BlueXP Blog

SRE vs DevOps: Using Both with NetApp Cloud Volumes ONTAP

Written by Pavel Klushin, Cloud Evangelist | May 31, 2021 6:11:05 AM

Enterprise IT is accelerating the adoption of DevOps culture and with it, the more agile, API-driven, fully automated deployment of cloud-based IT infrastructure components. As a result, concepts like site reliability engineering (SRE) are also being leveraged to ensure better harmonization of development and operations activities increasingly each day.

This article takes a closer look at these concepts, and how NetApp’s Cloud Volumes ONTAP solution enables enterprise IT to achieve better DevOps and SRE results in practice.

Read on to find out more on SRE vs DevOps as we look at:

What Is DevOps and SRE?

DevOps practices combine software development (Dev) and IT operations (Ops) with the aim to shorten the systems development lifecycle and provide continuous delivery of software with high quality and integration with IT operations.

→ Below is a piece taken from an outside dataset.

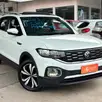 VOLKSWAGEN T-CROSS 1.4 250 TSI TOTAL FLEX HIGHLINE AUTOMÁTICO VOLKSWAGEN T-CROSS 1.4 250 TSI TOTAL FLEX HIGHLINE AUTOMÁTICO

DevOps was born out of the need to bridge the gap between the teams leading the software development activities and the IT operations teams who are tasked with implementing that software, often on a complex, shared IT infrastructure. Since then, DevOps has grown to become somewhat of a culture in many organizations, aptly aided by the increased adoption of cloud technologies.

Here are some of the key points about DevOps culture.

  • The concept of DevOps is highly reliant upon the use of processes/methodologies (such as agile software development) and unifying tool sets in a continuous fashion to Plan -> Code -> Build -> Test -> Deploy -> Operate -> Monitor -> Plan application development and deployment.
  • DevOps allows development teams to become more agile by implementing continuous integration and continuous delivery (CI/CD) of applications, reducing the time to market for new product launches.
  • Automation and monitoring are used extensively throughout each of these stages to eliminate unnecessary delay of manual intervention and ensure consistent, repeatable, standard processes. Infrastructure as Code (IAC) also allows enterprises to maintain the consistency and reliability of the cloud infrastructure configuration by defining it through application code. Not only does this increase the repeatability of these operations but due to lack of human or manual involvement, site reliability is also increased by default.
  • Popular DevOps tools to achieve automation and agility, including:
    • GitLab / GitHub: Used for storing version-controlled code repositories
    • Docker / Kubernetes / OpenShift: Microservices-based distribution and deployment of apps in the form of containers and their orchestration and management
    • AWS / Azure / Google Cloud / Terraform: Infrastructure provisioning automation through the support for Infrastructure as Code
    • Puppet / Chef / Ansible: Configuration management
    • Jenkins: Continuous integration and continuous testing

Site Reliability Engineering vs DevOps

As a concept, site reliability engineering (SRE) predates DevOps. As the name suggests, SRE is the concept of ensuring the stability of the production environment. It was first implemented at Google, who designed the site reliability engineer position by combining the skillsets of system administrators and software engineers into one role. Site reliability engineers are tasked with ensuring the stability and reliability of the production environment (hosting Google’s public services such as Google searches, Google Ads, Gmail, YouTube, etc.).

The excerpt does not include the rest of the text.